Every LLM can only "see" a certain amount of text at once. Imagine trying to read a book but you can only ever see 10 pages at a time. If you keep shoving earlier chapters into the window to maintain "memory," you eventually run out of room for the chapter you're actually trying to read. Builders who chain multiple tools together can accidentally fill the context window with outputs from earlier steps, leaving no room for the actual task. Smart builders decide what to pass forward and what to leave behind.

Malformed outputs.

If step three in your chain expects an organized JSON object and step two returns a casual paragraph of text, step three breaks. It's like asking someone to fill out a form, but instead of using the form fields, they just write you a letter.
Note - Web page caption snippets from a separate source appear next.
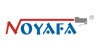 Noyafa Osiloskop
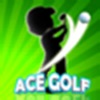 Fantasy Golf Games Mini Golf-X icon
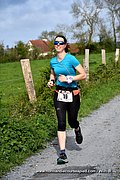 DSC_7509.jpg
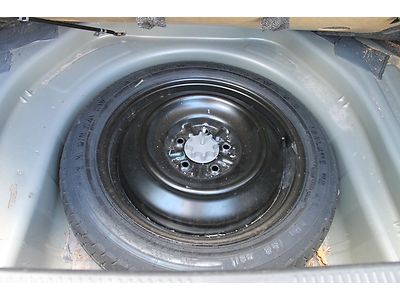 08 CAMRY ALLOYS FOGS CLEAN CARFAX REAR FIN LIKE ACCORD MAXIMA xle CIVIC ALTIMA, image 41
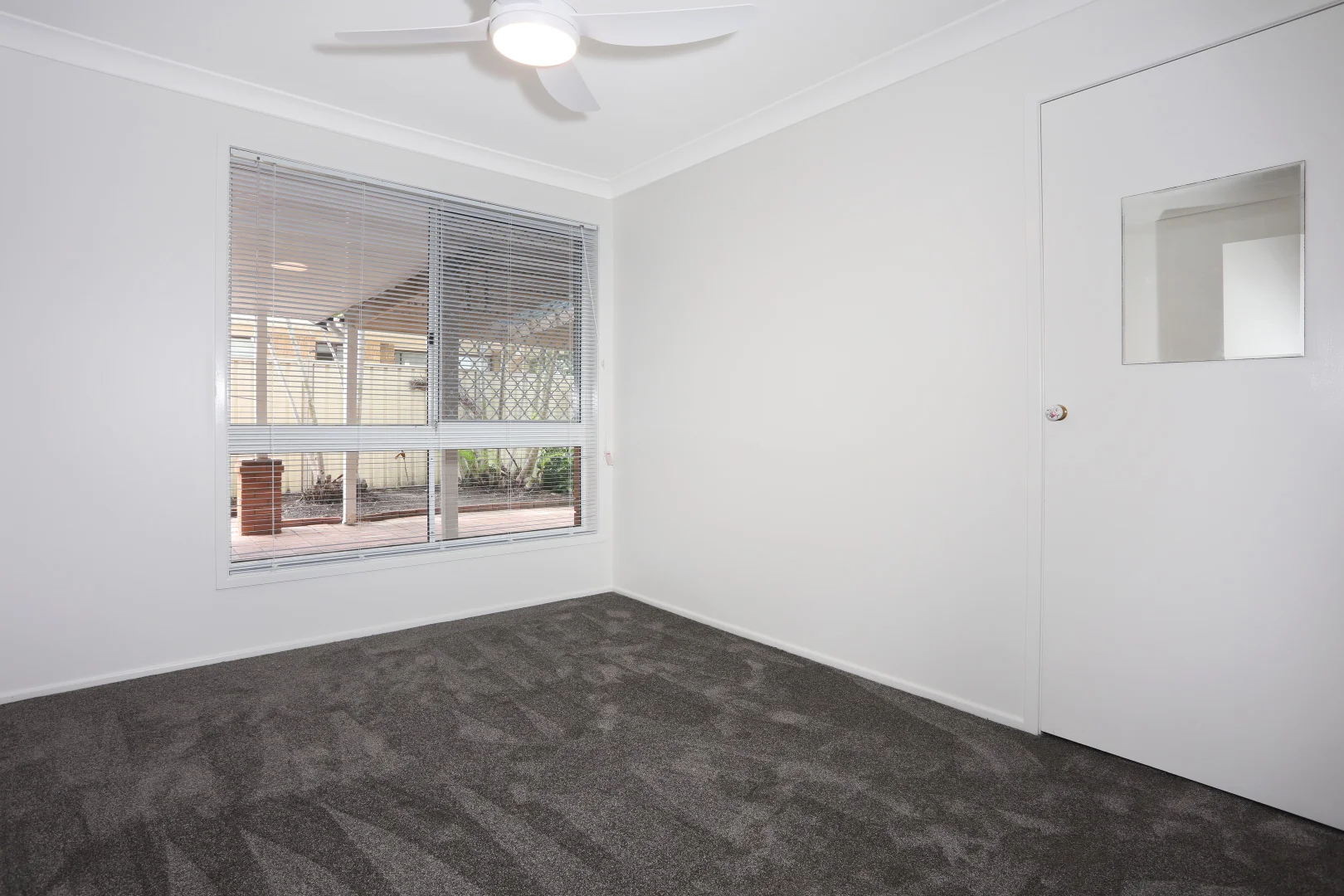 Additional image 13 of 157 Paradise Parade, Hollywell QLD 4216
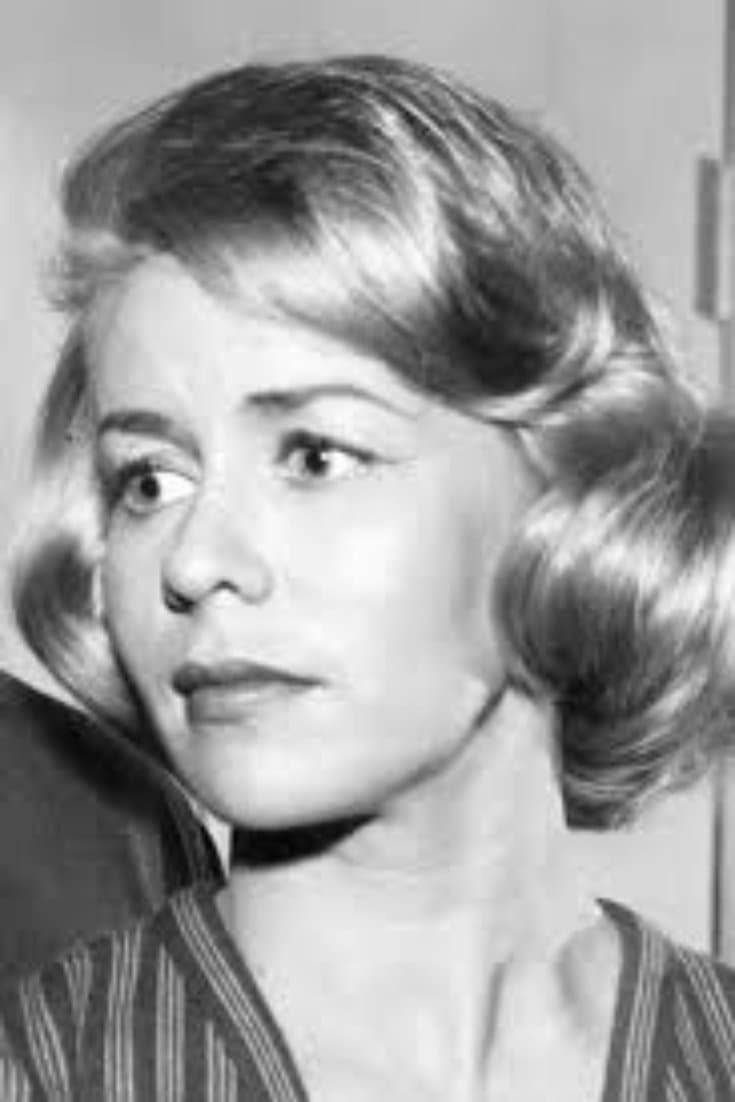 Emmaline Henry profile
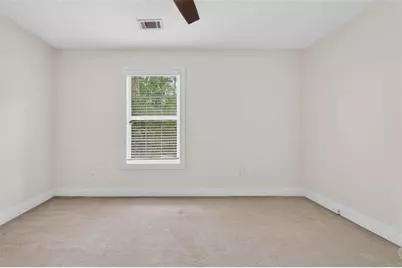 345 Allie Drive, McDonough, GA 30252 - Photo 66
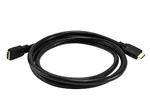 Monoprice - 3342 Commercial Series High Speed Hdmi Extension Cable,. Fixed Price $33.95.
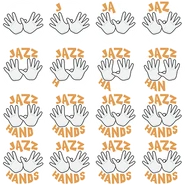 Sprite Sheet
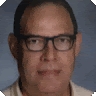 Stephen Dodaro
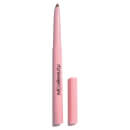 MCoBeauty Waterproof Eye Define Crayon Liner - Brown 0.3g MCoBeauty Waterproof Eye Define Crayon Liner - Brown 0.3g
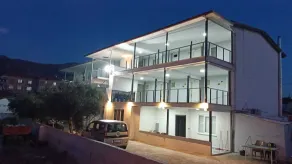 Oguz Pansiyon - Image 5
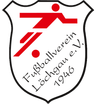 Avatar Bild für FV Löchgau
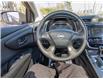 2024 Nissan Murano SV (Stk: 117660) in Lower Sackville - Image 18 of 25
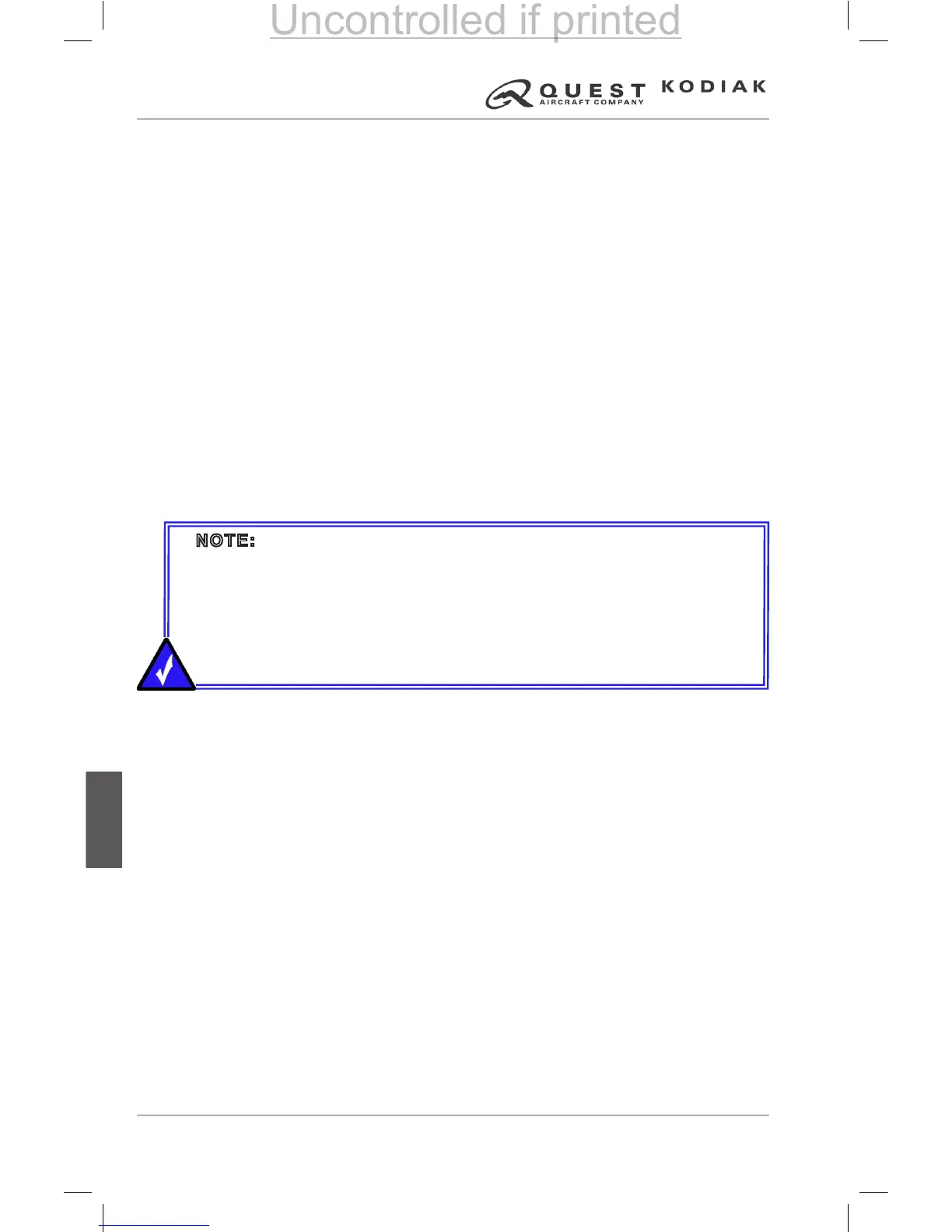Page #226 background image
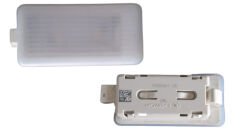 BAGAJ IC AYDINLATMA LED LAMBA BMW G30 G32 G16 Z4 G29-OEK 928050105-63319349579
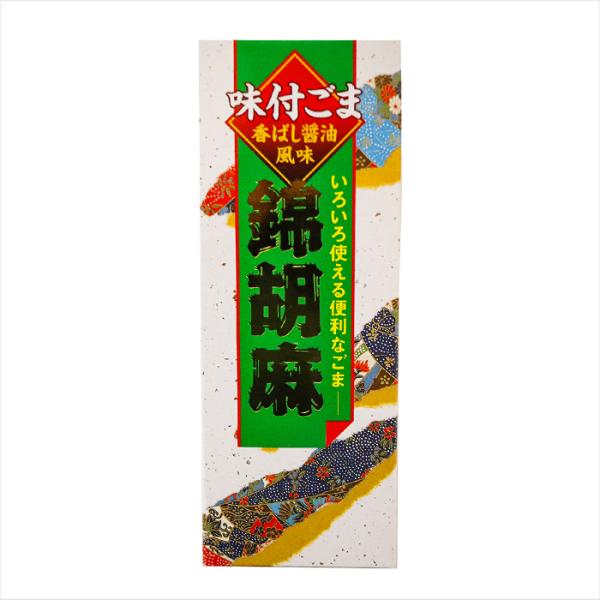 yьӖz125g Ӗ() ьӖӂ肩 HׂJVE t S}ӂ肩 т̂ ӂ肩 G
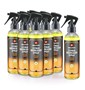 Odtłuszczacz WELDTITE Citrus Degreaser - Spray 250ml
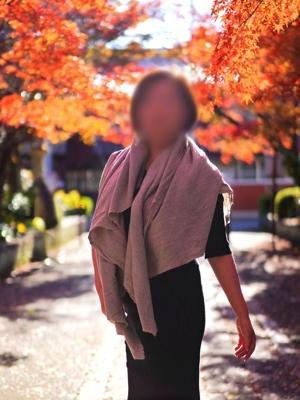 セレブスタイル　山口市発 的在籍女性
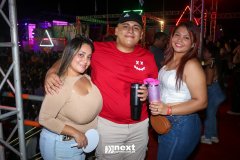 IMG_5888
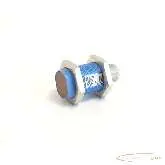   Sick GRE18S-P2336 Rund-Lichtschranke - ungebraucht - фото на Industry-Pilot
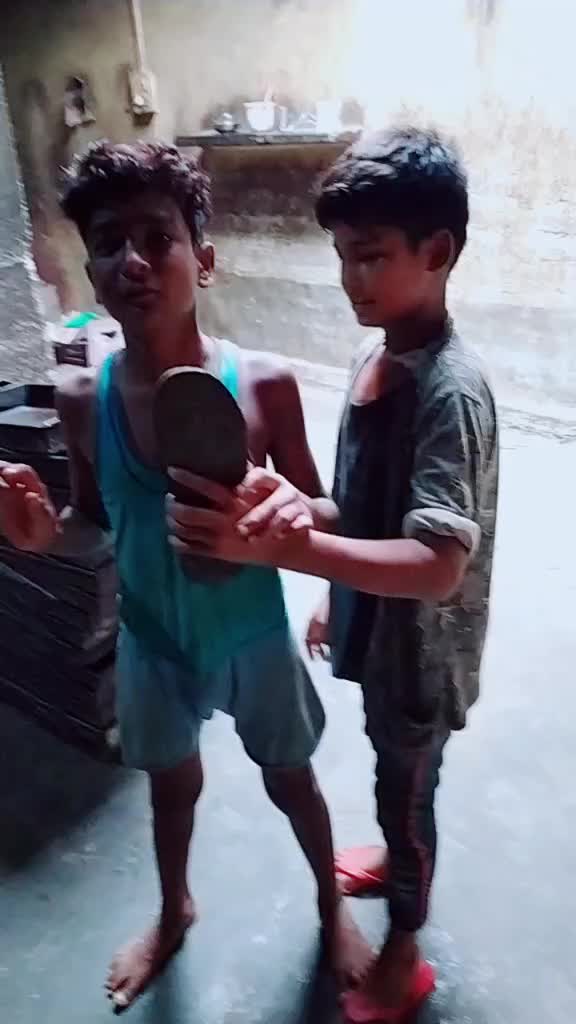 @user909746moh Arif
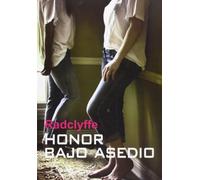 Honor Bajo Asedio (Salir del armario)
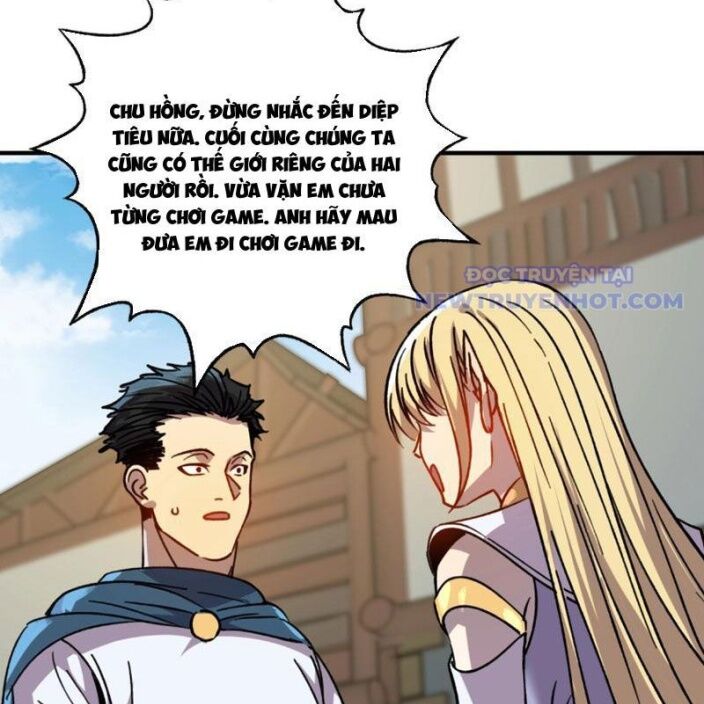 Bắt Đầu Chuyển Chức Tài Thần, Ta Chuyển Hóa Triệu Vạn Thần Sủng Chap 7 - Next Chap 8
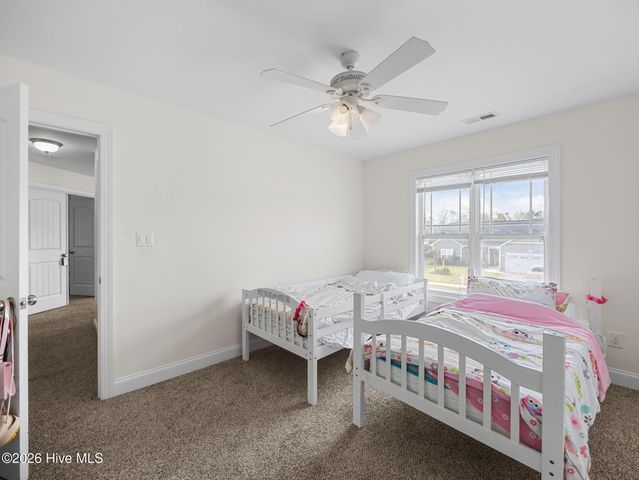 704 Oleander Street, Jacksonville, NC 28540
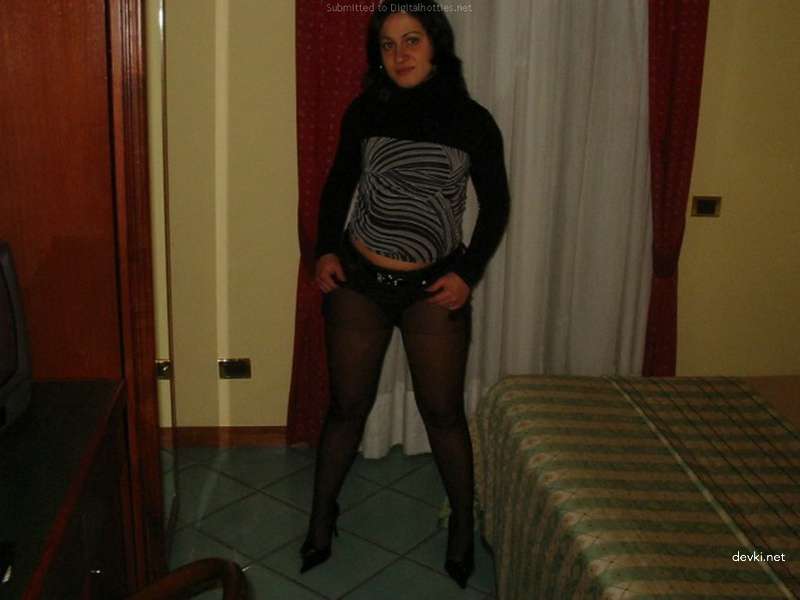 Filming Hot Amateur Sex with Girlfriend - Explicit Homemade Porn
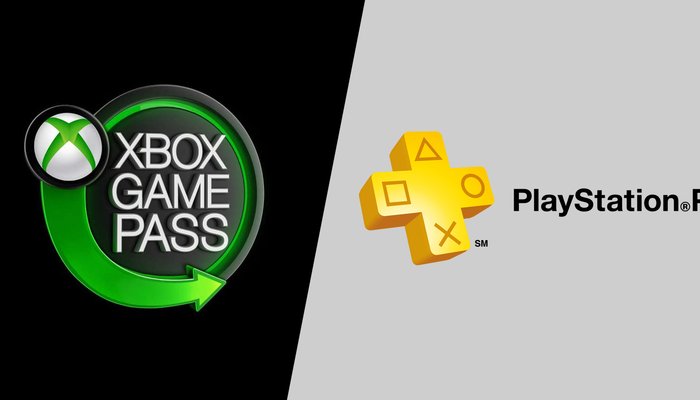 Xbox Game Pass en PS Plus - Vloek of zegen voor gamers?: Waarom de Xbox Game Pass en PS Plus misschien toch niet de toekomst van gaming zijn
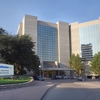 The Multiple Sclerosis and Neuroimmunology Clinic - UT Southwestern gallery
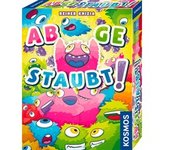 741938, Juegos de cartas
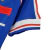 Imagem do Camisa França Retrô 1998 Azul - ZIDANE 10 #FULL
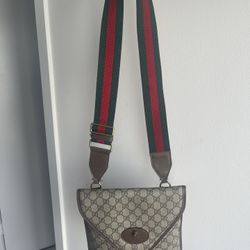authentic gucci bag 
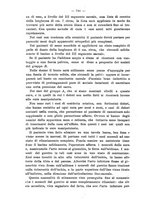 giornale/NAP0034863/1917/unico/00000934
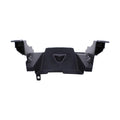 ABS Grille Bracket for 2013-2017 Honda Accord Coupe Sedan (13-17)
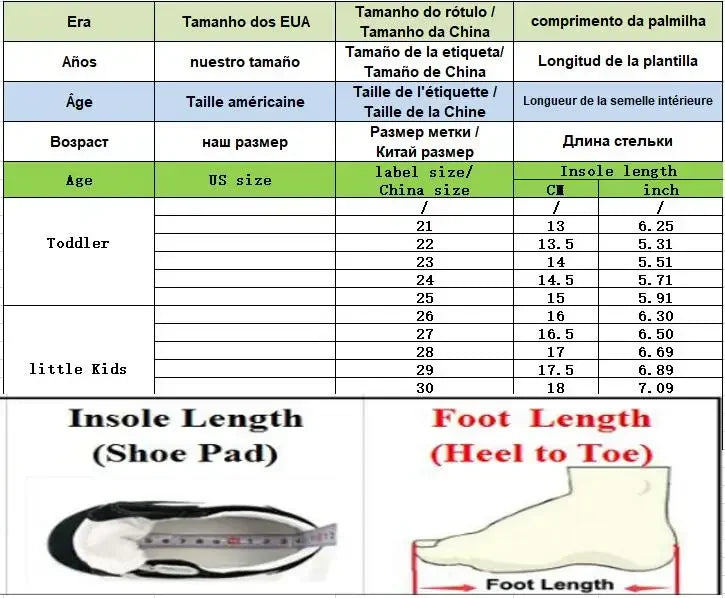 Kids Sport Sneakers for Boys Girls Spring Autumn Student Shoes Non-slip Mesh Breathable Children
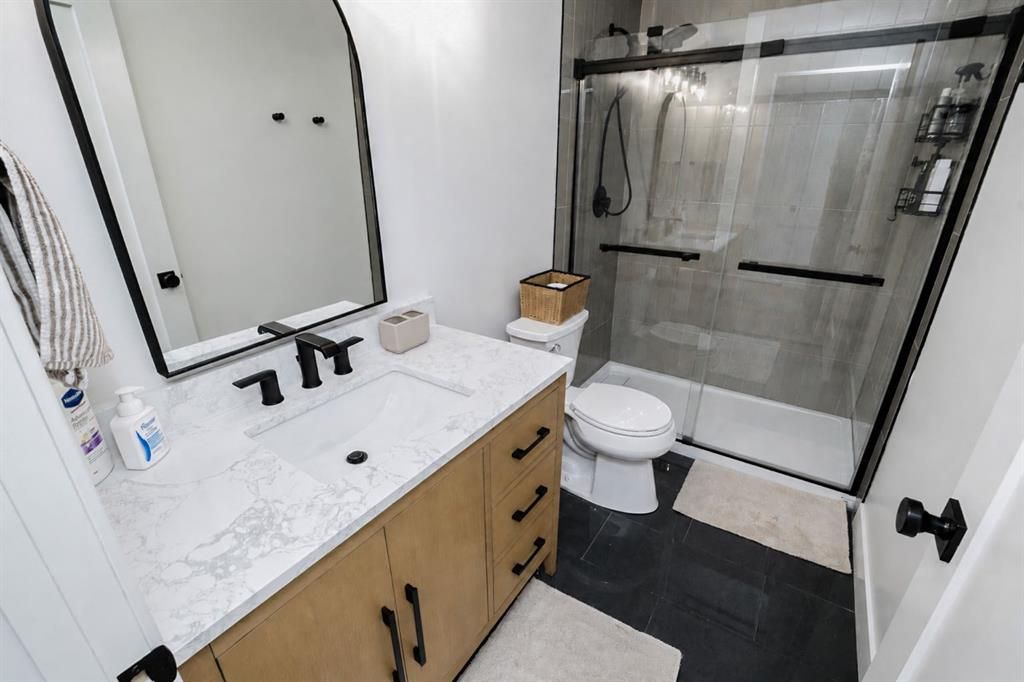 10501 148 Avenue  - Photo 35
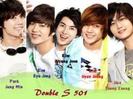 =ss501&hl=ro&prmd=imvnsl&tbm=isch&tbo=u&source=FeqA4gSdpdCl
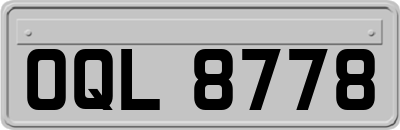 OQL8778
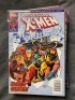 Marvel Comics, Essential X-MEN (10 Issues in this lot) - 4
The information might be there, but the system can't process it. This is why explicitly telling the LLM how to format its output, something like "respond only in JSON with these exact fields," matters more than most people expect.

Latency compounding.

Each step takes time. Three tools that each take two seconds is at minimum six seconds total, plus overhead. If you're building something people interact with in real time, that adds up fast. Builders solve this with caching, which means storing results you've already computed so you don't recalculate them, and parallelism, which means running independent steps at the same time instead of one after another.

Vague instructions at the orchestration level.

The LLM decides which tool to call next based on the instructions you've given it. Vague instructions lead to the wrong tool getting called, or the right tool getting called with the wrong inputs. Think of it like giving someone directions. "Head toward the big building" leaves too much room for interpretation. "Turn left at the red light, go two blocks, turn right at the gas station" gets you where you need to go. The precision of your orchestration prompt determines whether your agent behaves reliably or keeps guessing.

The mental shift that changes how you AI

When you start thinking in tool chains, you stop asking "what can I get the AI to do?" and start asking "what does each step need to receive, and what does it need to output?"

That's a systems question. And it's actually a more useful frame than prompt craft alone, because it forces you to get specific about your requirements before you write a single instruction.

Top comments (2)

Kiran Iyer • Apr 2

Great post, Bekah! I think the point about 'systems thinking' over 'prompt craft' is the most important takeaway here. Shifting the focus to what each step needs to receive and output is a game-changer for building reliable AI agents. Thanks for sharing this!

BekahHW • Apr 8

Thank you! I’m glad that was the takeaway you got!!